On our first visit to Australia, in 2010, we visited this special region in the northeast of Queensland.
Cape Tribulation, about 140 km north of Cairns, is special because it is the only place in the world where two World Heritage Listed sites come together: the Daintree Rainforest and the Great Barrier Reef.
To get there is an easy ride from Cairns along the coastline. Passing some pleasant coastal towns, like Palm Cove and Port Douglas, enjoying the sea breeze. If you ‘re planning to dip your feet in the sea: only do this in defined zones with nets to protect you against stingers and jelly boxes (they are extremely deathly!).
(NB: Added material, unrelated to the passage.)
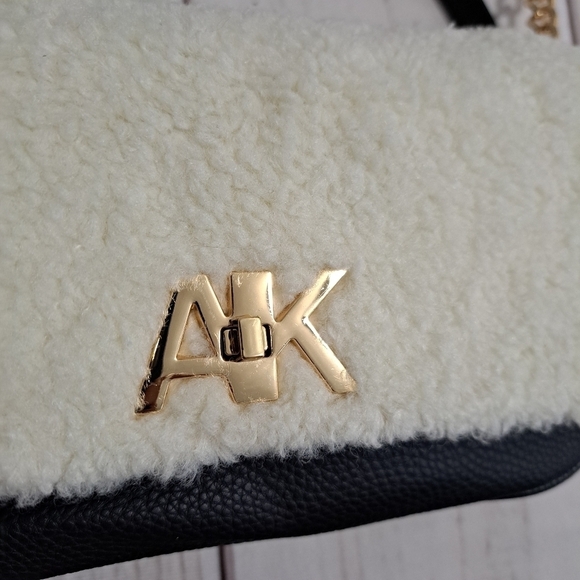 Anne Klein Faux Sherpa Faux Leather Convertible Crossbody Handbag Purse - Picture 4 of 15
The drive takes you closer and closer to the jungle, through the little but pleasant town of Mossman and the cane fields. Once you’ve crossed the Daintree River with an old school cable ferry – mind you: salt crocs call this river home J – you arrive in history. The Daintree National Park hides the oldest rainforest in the world – 120 million years young! Unfortunately we didn’t spot the cassowary, a huge flightless bird that only lives here and in New Guinea. But we got a teddy bear cassowary as wedding present J These birds are extremely important for the persistence of the rain forest, since they are fruit eaters and thus spread the seeds of plants.
If you’d like to travel further north via the Bloomfield Track to Cooktown and beyond to Cape York, you’ll need a 4×4. Bitumen ends here and the road is impassable after rain.
Before heading back inland we passed Tully, famous for the giant Gumboot (which you can climb). This region bulks plantations: bananas, sugar cane, tea. They have it all here.
Unfortunately they also have big spiders… the size of your hand – and one of us is feared to death of spiders … So that’s the reason only one of us saw the famous Curtain Fig Tree in the Atherton Tablelands from a very short distance (a big spider had made her web over the board walk). These trees are special though. They develop when a seed of a fig tree is deposited in the host tree. The roots reach the soil and the fig develops and strangles the host tree. This host tree falls into a neighbouring tree and vertical roots from the fig tree descend to the ground. This is the stage where the curtain is formed. The host tree rots away. Pretty amazing! The Atherton Tablelands are unique too. The swamps and termite mouths contrast heavily with the tropical landscape of rainforest and plantations. And then we even haven’t seen the Lava Tubes!
It is quite easy to sea why this region is so beautiful!